How bad is traffic at Falls and Joppa roads in Baltimore County? It depends whom you ask, and the answer could determine whether the county allows additional growth near the intersection.
A dispute over the intersection near Green Spring Station, a collection of shops, restaurants and offices in Lutherville, was the subject of a County Council discussion last week. Council members are scheduled to vote Monday on the county's "basic services maps," which identify deficiencies in the county's sewer, water and transportation infrastructure plans.
Earlier this year, the county planning board recommended maintaining a grade of "F" for the intersection — meaning that it fails during peak hours — based on traffic measurements by the county's Department of Public Works.
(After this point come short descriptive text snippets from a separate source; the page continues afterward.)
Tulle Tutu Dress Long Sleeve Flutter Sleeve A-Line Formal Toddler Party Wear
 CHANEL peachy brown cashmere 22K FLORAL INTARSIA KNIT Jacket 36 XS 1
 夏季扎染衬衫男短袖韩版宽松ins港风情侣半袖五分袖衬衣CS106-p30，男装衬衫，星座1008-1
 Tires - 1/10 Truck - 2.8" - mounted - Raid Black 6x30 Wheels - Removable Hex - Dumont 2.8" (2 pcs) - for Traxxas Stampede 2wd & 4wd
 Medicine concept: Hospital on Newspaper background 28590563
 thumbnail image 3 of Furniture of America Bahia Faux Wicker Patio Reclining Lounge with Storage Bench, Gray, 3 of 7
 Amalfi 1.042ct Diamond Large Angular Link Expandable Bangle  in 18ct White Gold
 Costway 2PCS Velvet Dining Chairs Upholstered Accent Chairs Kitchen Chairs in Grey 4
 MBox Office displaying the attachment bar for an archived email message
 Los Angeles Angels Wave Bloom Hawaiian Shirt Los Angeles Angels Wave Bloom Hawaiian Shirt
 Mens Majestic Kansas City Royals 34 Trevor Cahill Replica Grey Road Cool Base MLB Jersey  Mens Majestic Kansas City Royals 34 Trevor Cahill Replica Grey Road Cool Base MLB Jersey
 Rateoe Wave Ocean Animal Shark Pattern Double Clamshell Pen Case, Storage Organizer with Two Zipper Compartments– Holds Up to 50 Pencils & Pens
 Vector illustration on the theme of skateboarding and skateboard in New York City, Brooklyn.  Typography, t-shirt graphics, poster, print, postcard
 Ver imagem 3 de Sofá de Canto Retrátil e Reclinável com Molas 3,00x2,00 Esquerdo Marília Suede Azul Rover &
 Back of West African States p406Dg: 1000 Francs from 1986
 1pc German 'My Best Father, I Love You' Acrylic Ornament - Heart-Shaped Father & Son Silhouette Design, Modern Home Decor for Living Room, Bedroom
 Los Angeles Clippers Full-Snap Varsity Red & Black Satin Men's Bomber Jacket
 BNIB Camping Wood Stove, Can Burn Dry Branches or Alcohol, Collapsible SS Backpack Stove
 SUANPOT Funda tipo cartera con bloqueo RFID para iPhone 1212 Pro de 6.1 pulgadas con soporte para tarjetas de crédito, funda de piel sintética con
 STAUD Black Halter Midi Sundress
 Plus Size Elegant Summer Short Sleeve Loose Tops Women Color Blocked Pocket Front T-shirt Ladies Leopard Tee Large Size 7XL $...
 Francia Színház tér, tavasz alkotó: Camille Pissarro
For about a decade, the intersection had been labeled failing, a mark that prohibits additional development nearby until a passing grade is achieved. In late March, though, DPW conducted a new traffic count that bumped the intersection up to a "D." The change puzzled some residents, especially because the test was conducted on a day when some private schools in the neighborhood were not in session or dismissed students early.
The scrutiny is not surprising, given some residents' long-standing concern about potential development at Green Spring Station, said DPW Director Ed Adams. Before this year, the intersection last was tested in May 2012, he said. It was tested again March 28, after workers had to cancel a March 27 measuring session because of an accident.
"This was part of being diligent, especially around an intersection that gets a lot of attention," Adams said "No matter what [grade] would have come in, people would've been looking at these numbers, more so than any other intersection I've got out there."
Executives with Foxleigh Enterprises, an owner of Green Spring Station, say they have no immediate plans to develop additional space. They say the grading of the intersections near their site has been politically charged for years. The company commissioned its own traffic study in April, and the intersection received a "C" in the morning peak hours and "D" in the evening, said Herb Fredeking, a Foxleigh principal.
A passing grade from the county "doesn't mean that we can immediately turn and develop and build something," Fredeking said. "It removes one hurdle, but it doesn't make anything automatic."
The firm also butted heads with Almond during the county's zoning review last year, when she made a decision that stopped plans for new retail space and renovations.
Several people, including planning board member Paul Miller, who lives in the area, testified at a council meeting last week in favor of keeping the grade an "F."
Miller questioned the timing of the Public Works Departments' most recent test of the intersection. The results were submitted to the County Council on April 1 — the day after Easter and the same day as the council's public hearing on the maps, he said.
"How would most people have known that a change in the maps had been introduced?" Miller asked.
The council is expected to vote on the updated maps at its legislative session Monday evening in Towson.